Uruguay's government has launched a public awareness campaign to sway public opinion in favor of an initiative to legalize marijuana, in what it says is an attempt to reduce drug-related violence.
The plan was first proposed last year by President Jose Mujica, and has since evolved from its original form, which called for a state monopoly on the sale and production of the plant.
The plan now allows for the creation of private cannabis cooperatives, or "membership clubs," that will be regulated by a National Institute of Cannabis.
The bill was expected to pass last year, but Mujica did not submit it to a vote after a poll revealed that 64 percent of the population opposed the proposal. Mujica backed off, stating that public opinion should match the initiative and that education was necessary.

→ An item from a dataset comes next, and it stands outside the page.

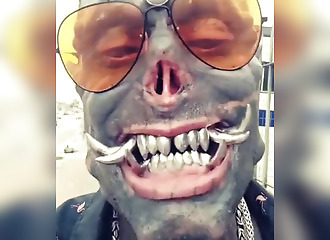 Il subit plusieurs opérations pour ressembler à un démon ! (Ce n'est pas un filtre Snapchat)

Starting this week, the National Drug Council will now be presenting debates and discussions to draw awareness to the purported benefits of the initiative.
InSight Crime Analysis
The Mujica administration is in part framing the marijuana legalization debate as a way to fight the rise in drug violence. Last year was the most violent year on record for Uruguay, with 8.71 homicides per 100,000, a rise of 45 percent compared to 2011.
However, with marijuana already decriminalized, the trade does not appear to be significantly fueling the rise in violence, which is more likely linked to an expanding domestic cocaine market and the use of the country as a shipment point for transnational criminal organizations.